GNU General Public License v3.0
3 stars 12 forks source link

Sample Batch Set of Compound Object Not Being Ingested properly #2

Closed MarcusBarnes closed 7 years ago

MarcusBarnes commented 7 years ago

@CadenArmstrong has provided me with a sample batch set of compound compound objects that are not being ingested as expected. The sample adheres to the documentation in the README. The drush commands appear to work as expected, but when you visit the --parent object, no items appear. Viewing the object PIDs, you see all the items in batch, rather than seperate compound objects.

Possible source of problem to investigate:

Double check Islandora versions where islandora_compound_batch is being used without issue against versions of modules in islandora_vagrant.
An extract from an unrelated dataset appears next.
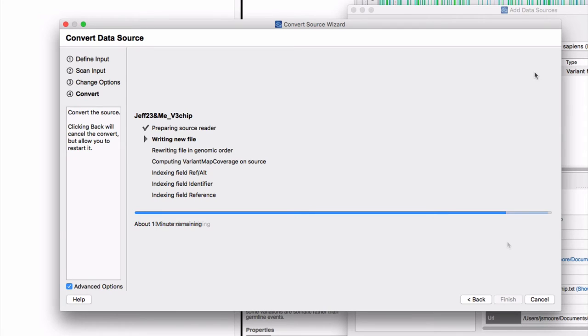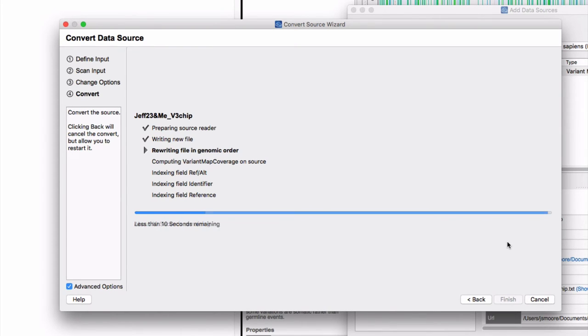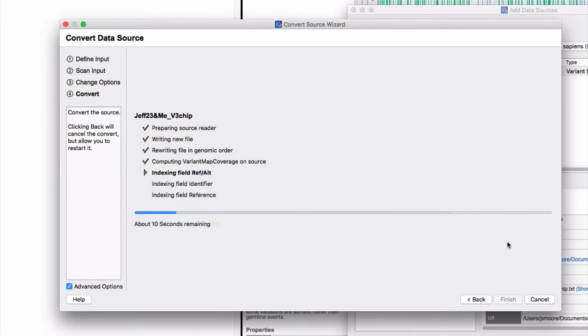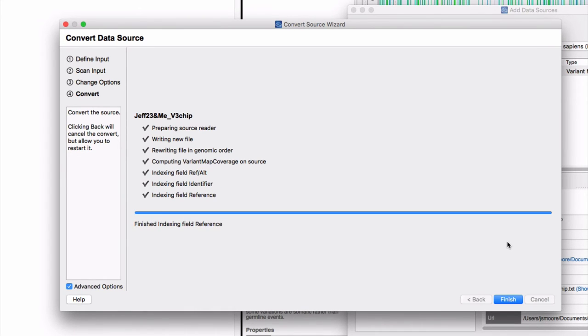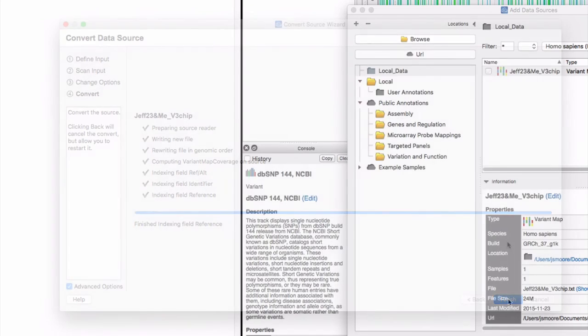After writing new file, the next steps are pretty fast. Once all the steps have finished, you will be able to see your data in Genome Browse. Click Finish.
Use test compound objects in islandora_vagrant to see if the issue is now appearing for batch sets that Marcus knows use to function as expected.
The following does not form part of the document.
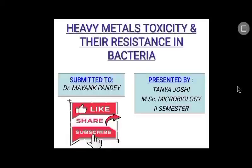Hello everyone, this is Tanya Joshi of MSc Microbiology second semester, presenting on the topic of heavy metals toxicity and their resistance in bacteria.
MarcusBarnes commented 7 years ago

The initial parent_pid from the islandora_compound_batch database table for the given batch_id is used in RELS-EXT of all subsequent compound objects in the batch.

The code in https://github.com/MarcusBarnes/islandora_compound_batch/blob/master/includes/object.inc that deals with adding the relationships is no longer functioning as expected. This is where I'll be looking next in order to help debug and resolve this issue.
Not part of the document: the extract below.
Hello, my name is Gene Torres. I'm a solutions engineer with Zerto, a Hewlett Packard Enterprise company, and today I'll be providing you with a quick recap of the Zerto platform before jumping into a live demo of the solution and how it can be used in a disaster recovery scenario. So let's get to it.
MarcusBarnes commented 7 years ago

Progress update. I have isolated what is causing the issue and am working on a fix. I'll create a pull-request once I've completed the fix. Thank you.

MarcusBarnes commented 7 years ago

I've identified two assumptions that resulted in this issue. The first was that value of the content attribute of the child element in the generated structure files would be integers. This has been addressed and I've pushed the changes to https://github.com/MarcusBarnes/islandora_compound_batch/tree/issue-2 branch. The second assumption was that the value of the content attribute of the child elements generated by the structure file would be unique.

This module was previously successfully used during a migration from CONTENTdm where the folder structure included the "pointer" as the folder name for child objects. This, plus having the batch set ID provided a way for inferIslandoraCompoundBatchRow row to either return a unique row or null (See https://github.com/MarcusBarnes/islandora_compound_batch/blob/master/includes/object.inc#L89). This allows Islandora compound batch to set the parent-child relationships.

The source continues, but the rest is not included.